Parte fondamentale di questa sua personalità è il rapporto con il genere femminile. Anche se spesso è accusato per il modo con cui trattava le donne, Giordano Bruno spiega che in realtà amava profondamente nelle sue relazioni, per quanto fossero di breve durata. La maggior parte degli autori proponeva la visione dell’amor cortese, mentre D’Annunzio utilizzò un alfabeto più moderno, basato su amore passionale, forte, vitale (si pensi solo ad Eleonora Duse). Chiara Francini definisce l’innamoramento dannunziano come un “iter salvifico da essere smemorato a riacquisire la memoria, rimanendo sempre fedeli a se stessi.”
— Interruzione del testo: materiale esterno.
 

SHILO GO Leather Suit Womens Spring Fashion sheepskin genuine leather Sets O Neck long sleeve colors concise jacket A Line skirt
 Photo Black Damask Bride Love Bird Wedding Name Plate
A livello prettamente poetico, “D’annunzio è il più grande dopo Petrarca”, sostiene Crocetti, e il poeta stesso affermò che la poesia nasce con Dante rinasce con lui nel ‘900. Infatti, le sue liriche sono preziosissime, sia per il vocabolario utilizzato che per l’inconfondibile stile ricco di sinestesie. A questo proposito, l’esteta dichiara a trent’anni di aver usato 15000 parole (per riferimento, la persona media ne usa circa 2000 o 3000).
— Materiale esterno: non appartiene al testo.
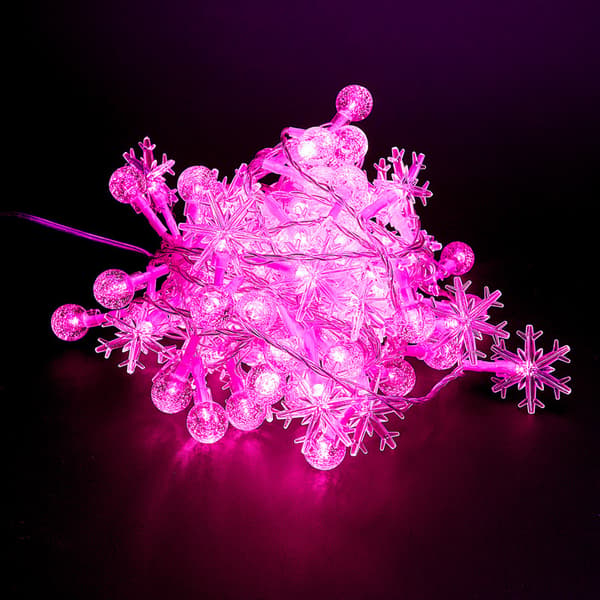 LED lyskæde, Stjerne Boble Kugle lyskæde 6m 40 LED, Julelys (pink)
Cuore dell’incontro è la lettura di alcune poesie raccolte in “Dolci le mie parole” da parte di Chiara Francini. La prima è stata “Canta la gioia”, che la scrittrice ha scelto per esordire, colpita dalla ripetizione della parola “gioia”, che non risulta ridondante ma anzi che definisce la gioia come forza creatrice e come luce che deve illuminare la vita. Successivamente, ha letto con grande passione e interpretazione anche “Centauro” e “I miei cani” – una delle ultime opere, composta nel 1935 appunto davanti al cimitero in cui seppelliva i suoi cani.

Alla fine dell’incontro, abbiamo avuto la possibilità di ringraziare di persona Giordano Bruno e di chiedergli il suo parere su come viene insegnato D’Annunzio nelle scuole. “In passato, veniva spiegato molto brevemente a fine anno, mentre ora fortunatamente gli si dedica più spazio.” Per comprendere un genio come D’Annunzio, occorre studiarlo a fondo, immergendosi nelle sue liriche e nella ricchezza della sua parola. È lì che risiede il significato dell’estetismo e dell’espressione “vivere la propria vita come un’opera d’arte”.